List Ranking – OpenMP and CUDA

This is to implemented a list ranking algorithm “Designing Practical Efficient Algorithms for Symmetric Multiprocessors” by Helman & JaJa [1], The paper can be downloaded here.

I won’t go into details, there’s also a very helpful introduction by a fellow classmate, which makes it much easier to understand the concepts. But if you want to implement the algorithm, don’t skip the paper. As a matter of fact, implement it faithfully or your code may end up in a very bad place.

The most interesting part is to implement two versions of the algorithm with OpenMP and CUDA, both of which are fantastic tools for parallel computing. Although my implementations still have a few sequential parts, the final grade shows a ~13x speedup for the OMP version and a whopping 20.9x for the CUDA version. Gustafson’s law rocks!

TeraSort – OpenMPI

As the project name suggests, we are going to sort a huge amount of data, similar to the Hadoop’s Terasort benchmark. It obviously can not be done on a single local machine but with OpenMPI on distributed nodes, Georgia Tech’s PACE. The interesting part of the project is that your score is based on how well your code performs against your peers in the class, a competition. Unfortunately I wasn’t able to join the top 10, only scored 27.5 out of 30, so about 92%.

Cache-Oblivious Sorting

This is an extra credit project, which being means merely correct won’t get any credits, you have to pass a certain performance threshold to get a single credit. The algorithm to implement is the cache-oblivious Funnel Sort, the performance is evaluated by cache misses ratio against Quick Sort. The structure is shown below, the ideal is to divide the data to sort small enough to sit in the cache, and one important part is to make sure the memory layout is continuous.

funnelsort

There’s an online introductory lecture by MIT, and I also found the following two papers [2][3] to be very helpful too. My final cache miss ratio was ~ 0.395, which barely passed score 70 out of 100.

Summary

Overall, I found the class to be challenging and I would not recommend taking it as a summer course (which is offered now), but also highly rewarding as many feel the same in the OMScentral.

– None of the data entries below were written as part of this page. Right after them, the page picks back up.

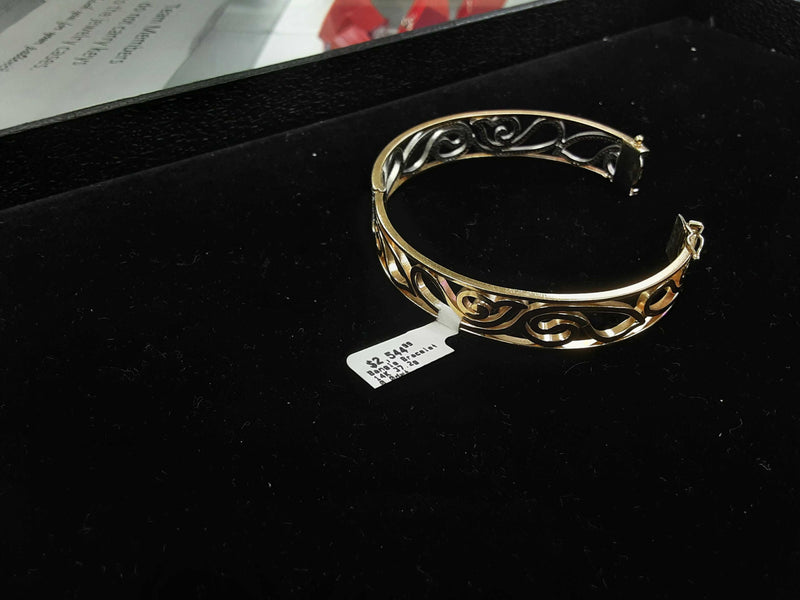 Bangle Bracelet Yellow Gold 14k (.585) 37.2 grams 6 inch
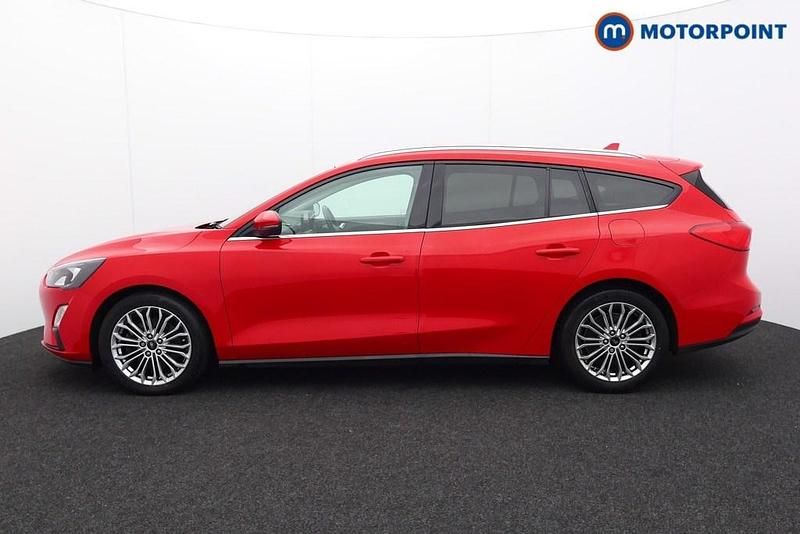 Used Ford Focus Titanium X 150 HP (110 kW) 2019 Red Estate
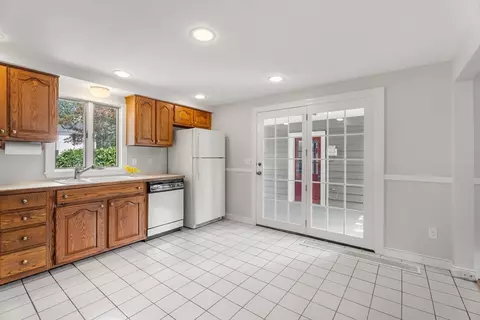 Kitchen - 20 Oakhurst Rd, Beverly, MA 01915 photo 3 of 3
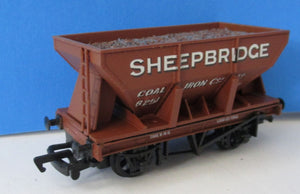 37-161 MAINLINE Hopper wagon in "Sheepbridge Coal" livery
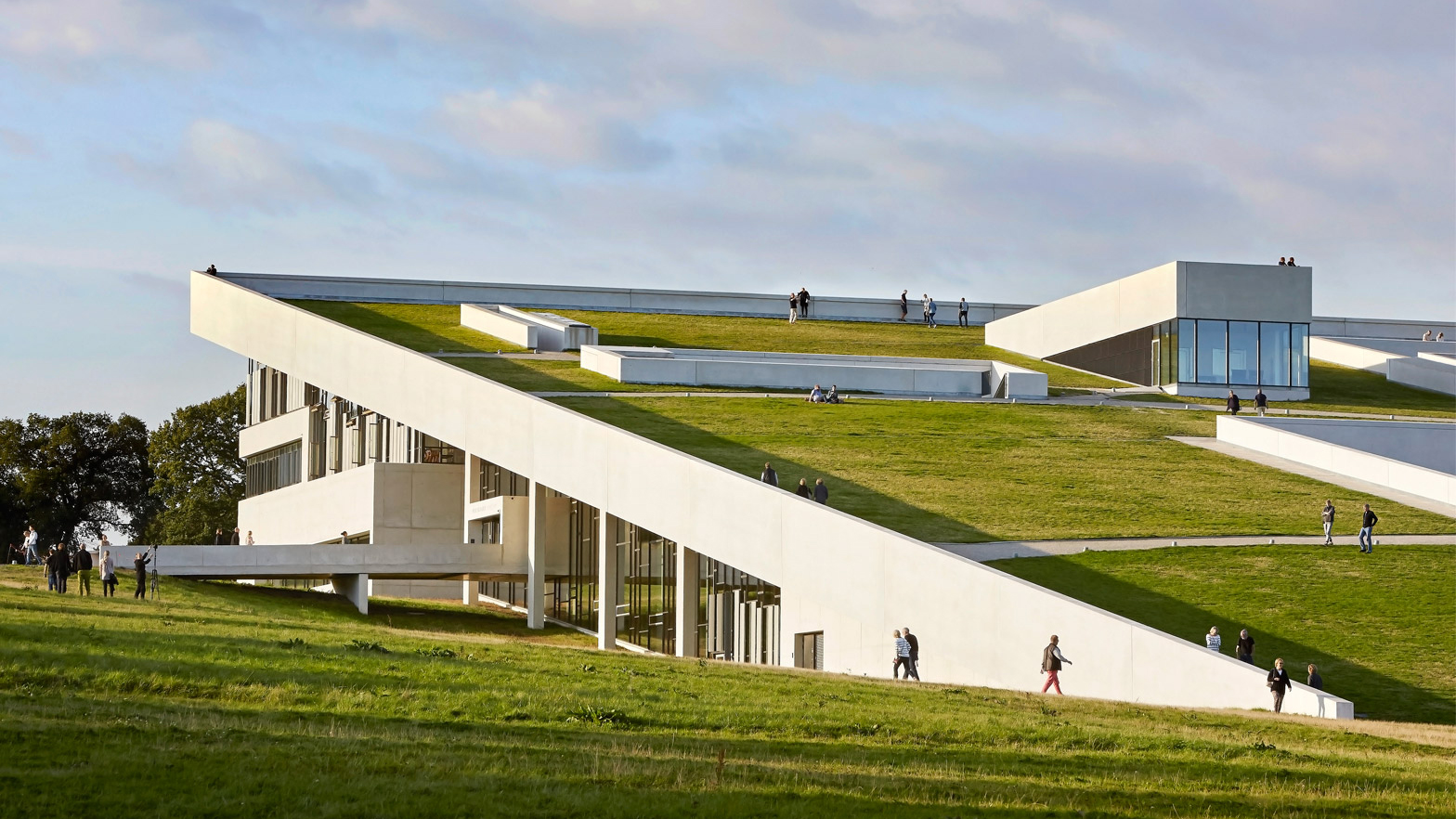 Крыша общественных зданий. Moesgaard Museum (Орхус). Moesgaard Museum Дания. Moesgaard Museum by Henning Larsen, Aarhus, Denmark. Органическая архитектура и регионализм.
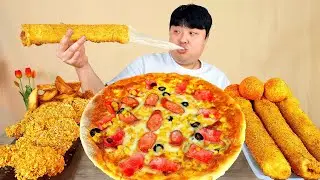 MUKBANG | Хрустящая курица, пицца, сырные палочки, картофель фри, корейская кухня — всё это я ем!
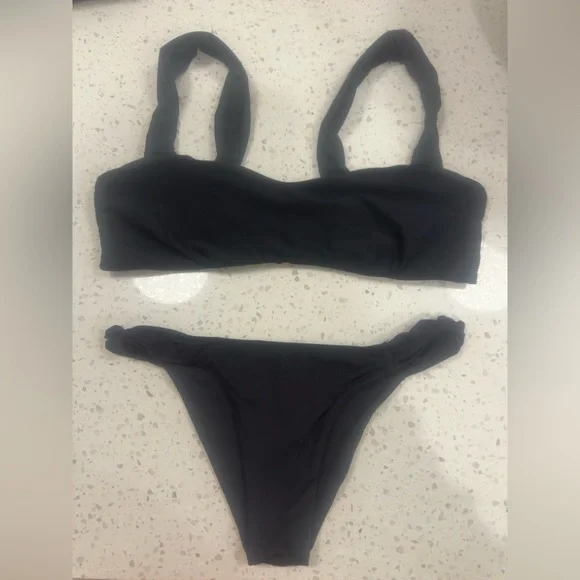 frankie bikini bottom medium top small in black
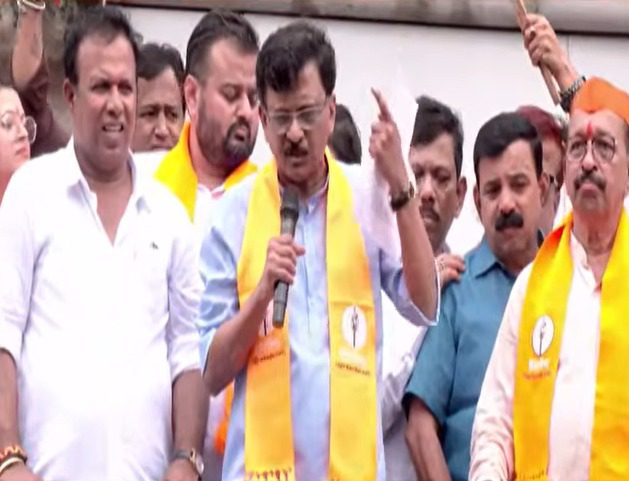 ‘तुम्हारे पीछे रेडा लगाएंगे’, गिरीश महाजन पर संजय राउत का तीखा हमला; भ्रष्टाचार के आरोपों को लेकर सरकार पर निशाना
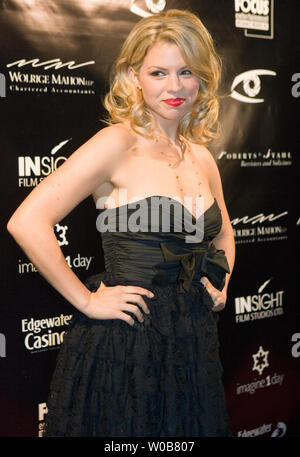 L'attrice Ali Liebert arriva sul tappeto rosso per la visione di film evento Sudios all'Edgewater Casino in Vancouver, British Columbia, 27 settembre 2008 durante il Vancouver International Film Festival (UPI foto/Heinz Ruckemann) Foto Stock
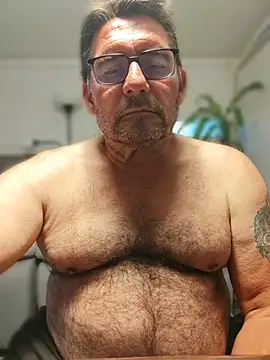 phil_truck_exhib's Webcam Show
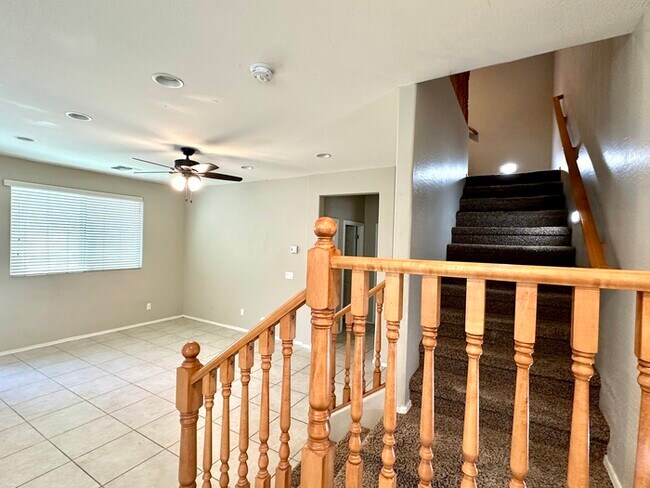 Building Photo - Exceptional 3BR home in gated Westridge Park! Loft, granite kitchen, stainless appliances, 2-car ...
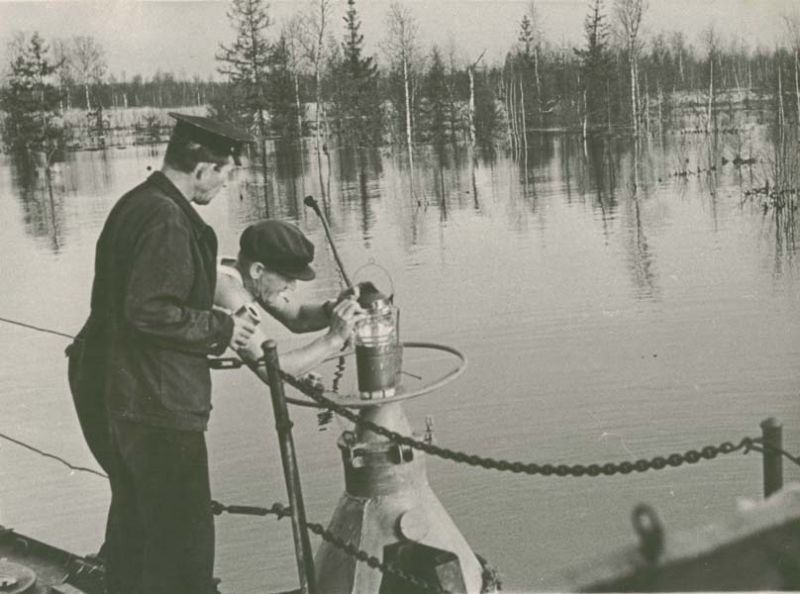 Фото "На Череповецком море заправка автоматической путевой сигнализации ...
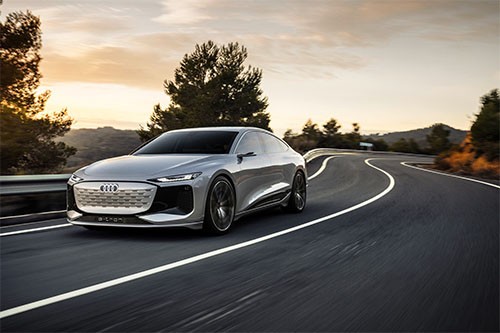 奥迪推出A6 e-tron电动概念车,会成为特斯拉杀手吗?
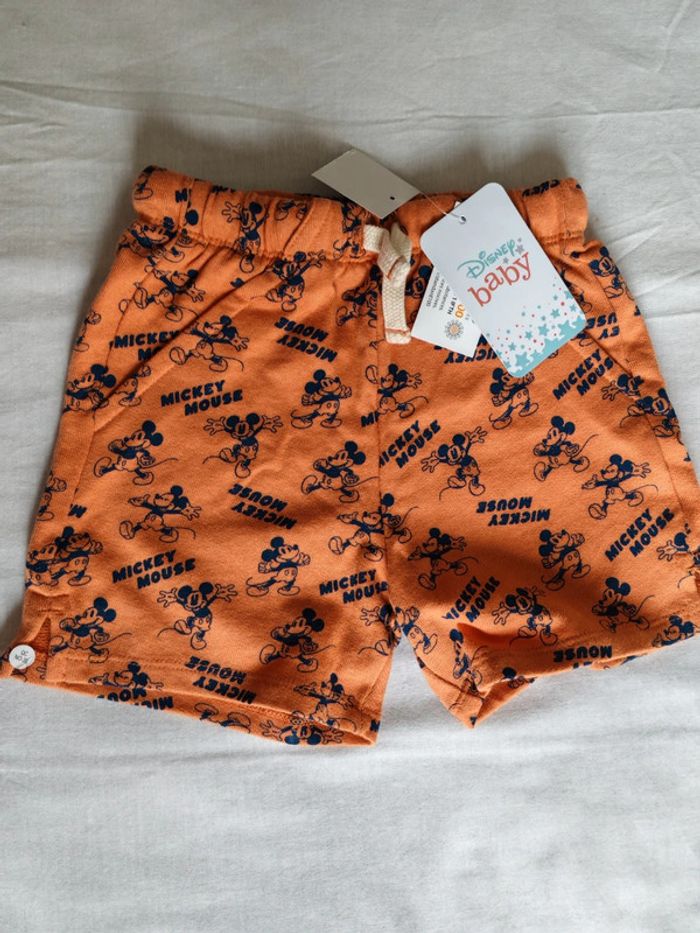 Short Mickey taille 2 ans neuf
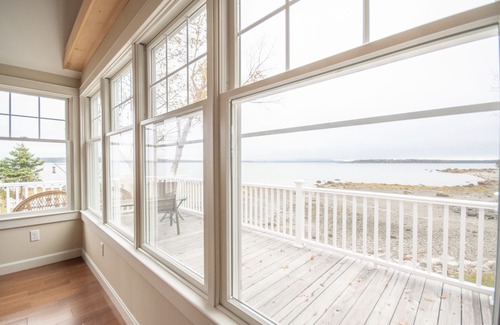 North Brooklin Casa | Mabel's Point - Private Beach Brooklin!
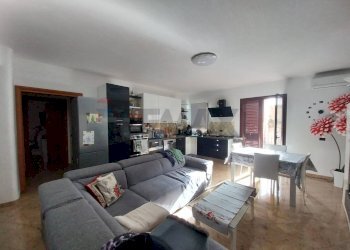 Sala da pranzo - Casa indipendente via Galilei
 
61, Pozzallo - foto 22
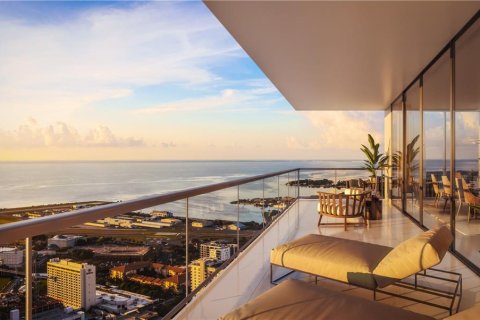 Condo in Saint Petersburg, Florida, 3 bedrooms  № 1804908 - photo 2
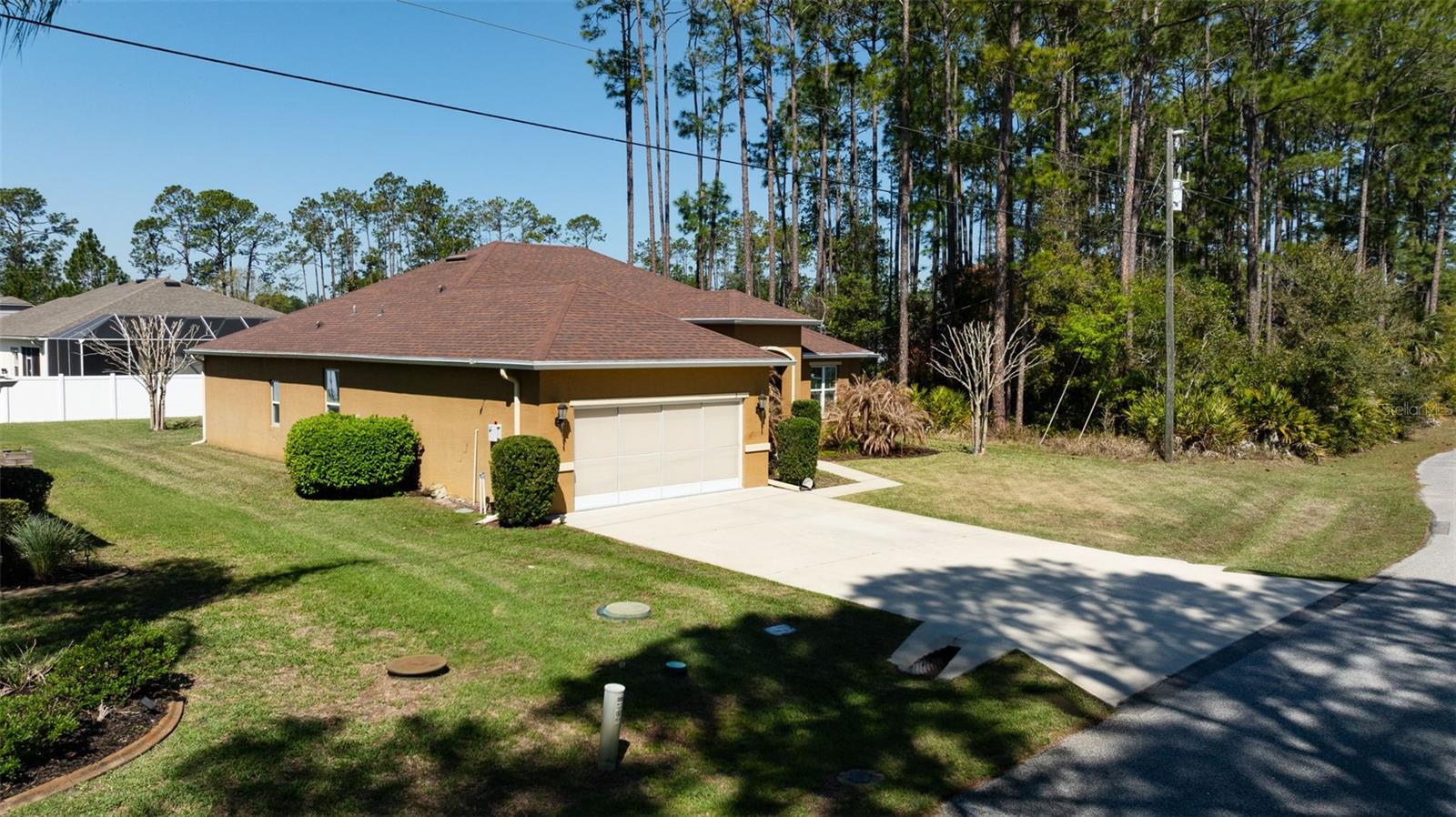 Image 43 of 51 For 3 Lake Charles Place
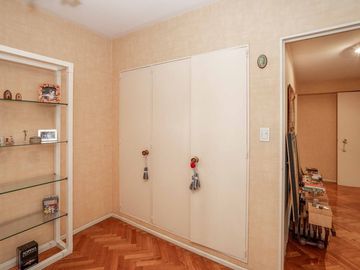 Venta departamento tipo piso cochera fija Seg 24 h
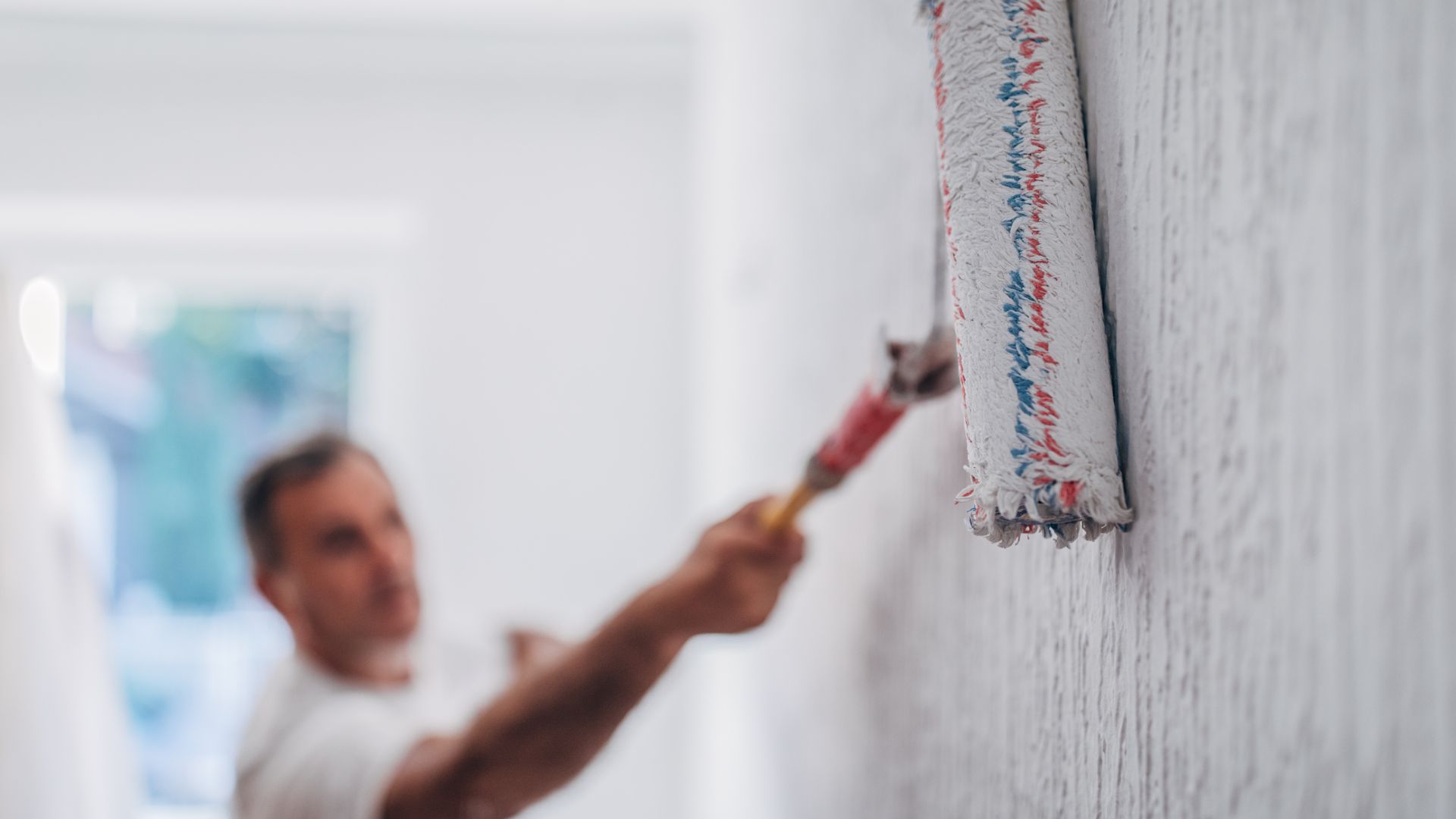 How to Smooth Out a Wall Before Painting Edwarts Pros Quality Painting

[1] Helman, David R. and J. JáJá. “Designing Practical Efficient Algorithms for Symmetric Multiprocessors.” ALENEX (1999).
[2] Demaine, Erik D. “Cache-oblivious algorithms and data structures.” Lecture Notes from the EEF Summer School on Massive Data Sets 8, no. 4 (2002): 1-249.
[3] Rønn, Frederik. “Cache-oblivious searching and sorting.” PhD diss., Master’s thesis, University of Copenhagen, 2003.